オメガ3脂肪酸は腎機能を守る

腎機能を維持することは健康管理の上で最も重要なことですが、残念ながら腎機能を維持、回復することができる医薬品はいまだに開発されていません。腎機能を維持するためには、食生活を中心とした日常の生活習慣に頼るしかありません。

最近発表された研究では、魚介類由来のオメガ3脂肪酸であるEPA、DHA、DPAの血中濃度が高いと、慢性腎臓病(CKD)の発症リスクが低下する傾向があることが報告されています。この研究は、19本の論文を検証したメタアナリシスによるもので、25,570人の男女のデータを解析し、4種類のオメガ3脂肪酸、ALA、EPA、DHA、DPAの血中濃度と腎機能との関係について調べています。

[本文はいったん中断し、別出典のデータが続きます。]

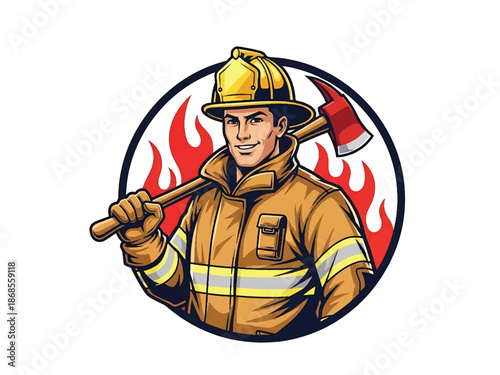 Vintage pin-up style male firefighter vector illustration holding helmet, heroic friendly pose, flat colors, clean outlines, fire station elements, fire emblem logo badge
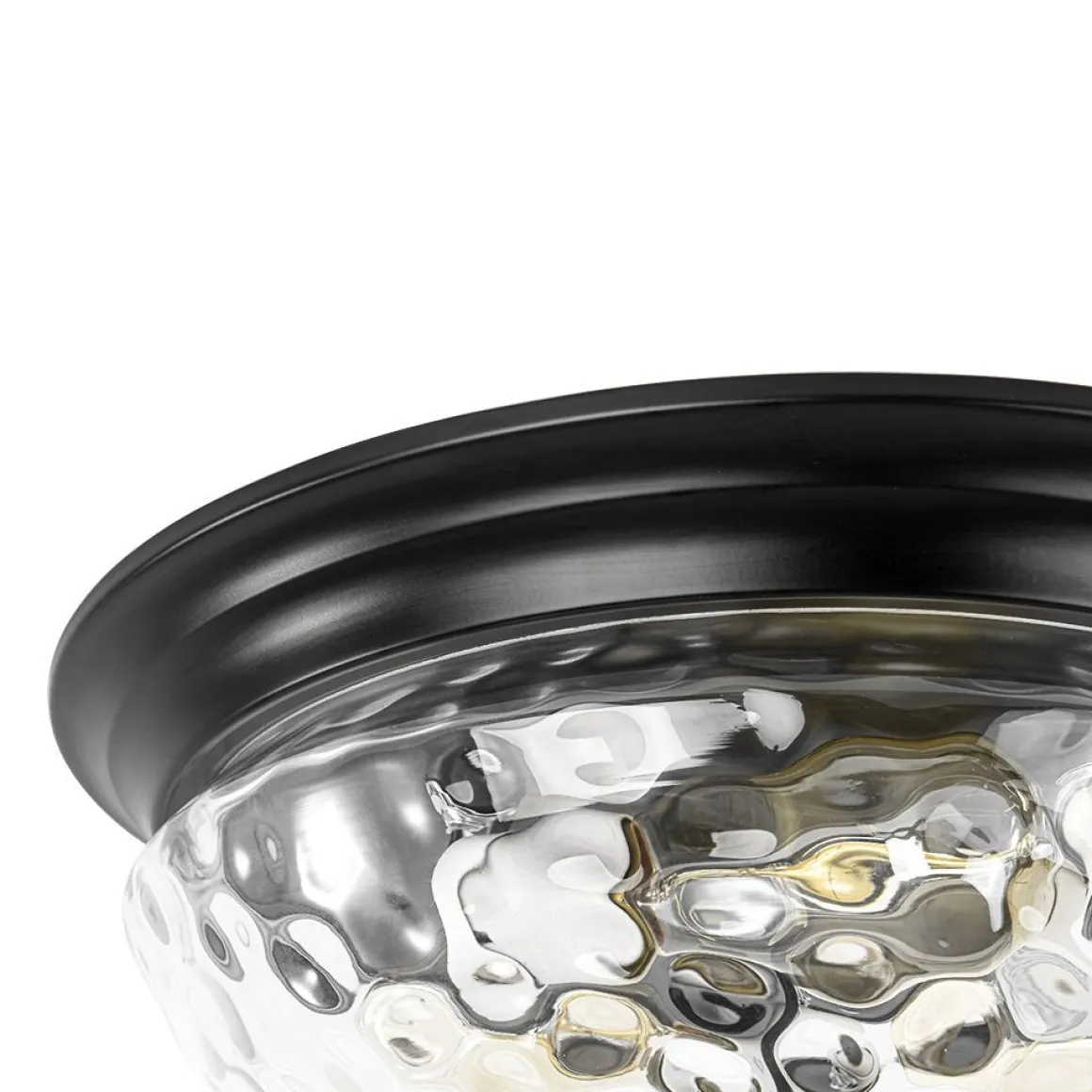 3-light Clear Water Glass Flush Mount Ceiling Light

約11.3年間の追跡調査の結果、4,944人(19.3%)にCKDが発生しました。解析結果では、魚介類由来のオメガ3脂肪酸の値が高いほど、CKDの発症リスクが8%低くなることがわかりました。また、腎機能の低下も緩やかであることが確認されています。オメガ3脂肪酸を魚介類から摂取しているグループを、その血中濃度によって5群に分けたところ、血中濃度が最も高い群は最も低い群と比較して、CKDになるリスクが13%も低かったことがわかりました。しかし植物由来のオメガ3脂肪酸(アルファリノレン酸)を摂取しているグループではこの傾向は見られませんでした。

EPA(エイコサペンタエン酸)、DHA(ドコサヘキサエン酸)は、広く知られるようになっていますが、ALA(アルファリノレン酸)やDPA(ドコサペンタエン酸)は、あまり馴染みのない名称かもしれません。ALAは亜麻仁油、クルミ、ヘンプオイルなどに多く含まれていますが、少量では体内で十分な効果を得ることが難しいとされています。DPAはEPAとDHAの中間産物であり、魚介類摂取により補充が可能なオメガ3脂肪酸の一種になります。

CKDは、最終的には健康や生活の質に深刻な影響を与える腎不全に進行する可能性があるだけでなく、心血管疾患や死亡のリスクも高くなる危険な状態です。魚由来のオメガ3脂肪酸を日頃から積極的に摂取しておきたいものです。